MILLERSPORT– Walnut Township Schools Superintendent Randy Cotner said Monday night, during a public information meeting, the district has a long-term plan to stay off the ballot for a while, but first it has to get past November.

Issue 3, as it will appear on the ballot, is an 8.8 mill levy, which combines an existing 1.8 mill emergency levy up for renewal and an additional 7 mill levy. The emergency levy brings in $258,000 a year. The combined levy would generate $1 million per year which would keep the school district solvent through 2018.

The 8.8 mill levy would cost the owner of a $100,000 home $308 per year, which is a net increase of $245 per year.

Voters have renewed the original emergency levy several times. The risk is that if voters reject the additional 7 mills, the district also loses the $258,000 from the existing levy, digging its financial hole even deeper.

If the levy fails, Treasurer Kirk Grandy said his five-year forecast shows a projected deficit of $174,032 for fiscal year 2015; a deficit of $1,290,398 for FY 2016; $2,651,468 for FY 2017; and $4,314,599 for FY 2018.

If voters approve the levy, Grandy said the forecast is quite different. He projected the district would be $454,968 in the clear for FY 2015; $596,602 for FY 2016; $618,532 for FY 2017; and $463,401 for FY 2018.

“ The world of school financing is a crazy, crazy world,” Cotner said, adding that the district has had no voter approved increase in real estate taxes for operating funds since 1994.

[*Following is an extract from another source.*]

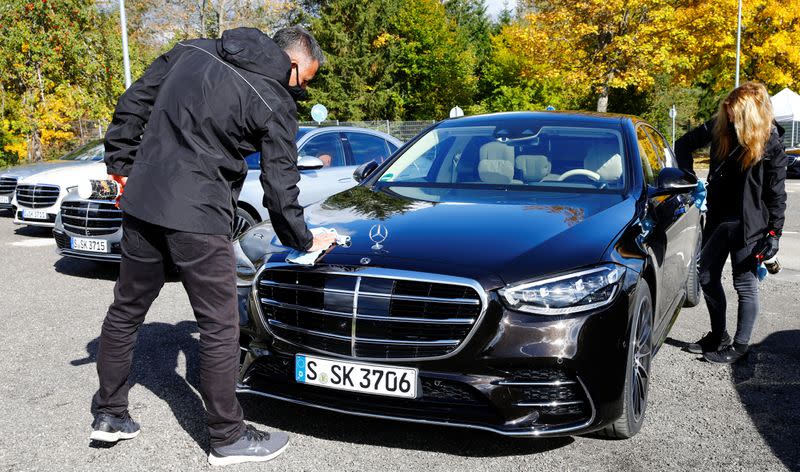 Employees of Daimler clean a new Mercedes-Benz S-Class limousine near Immendingen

Cotner said the Walnut Township district is ranked the 42nd wealthiest district in the state, meaning the state provides only about 20 percent of its annual budget. “We have to come up with most of it on our own,” he said. Cotner said despite the weath designation, more than half of the district’s students are on a free or reduced price lunch program. “Yet, we’re still considered a wealth district,” he said.

Cotner said, contrary to rumor, Walnut Township Schools will not shut down if the levy fails. He’s concerned some voters believe if the levy fails, the school district will shut down and they’ll no longer be responsible for school taxes. “People think they don’t have to pay school taxes if the school is not in town,” he said. “This is wrong.”

Property owners and residents would still have to pay taxes to whichever district would absorb Walnut Township, and would likely have to pay an even higher amount. “Please give us your support,” Cotner said.